The Indian healthcare industry, one of the largest in the world, caters for 1.3 billion people. The modern middle class addresses its needs by visiting private hospitals, which provide comprehensive services but at a high cost. The low socioeconomic individuals visit government hospitals where all basic services are available, but there is a struggle to provide advanced healthcare. In order to rectify this dichotomous approach, new initiatives are being implemented to provide uniform healthcare across the society.
Technological advancements have been rapid and modern methods have reached the shores of India at the same pace as in the western world. In otolaryngology, advanced services especially for restoration of hearing loss and multimodality treatments for head and neck cancers have been two areas where practical and ethical dilemmas have existed to provide the most optimal treatment at subsidized costs.
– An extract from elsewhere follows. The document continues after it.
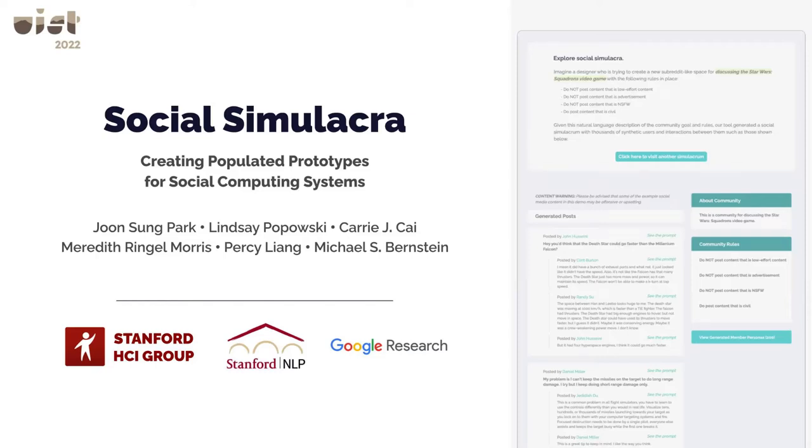How might an online community look after many people join? We introduce Social Simulacra, a method of generating compelling social behaviors to prototype social designs.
This article explores these two areas as examples to understand the specific problems encountered in delivering advanced ENT care in a low-resource setting in a large populous country.
Introduction of government health insurance schemes have helped the poor to make use of advanced healthcare. The highlight of this scheme has been the inclusion of expensive interventions like cochlear and auditory brainstem implantation, whereby cost of the device, surgery and habilitation have all been delivered cost free for eligible children.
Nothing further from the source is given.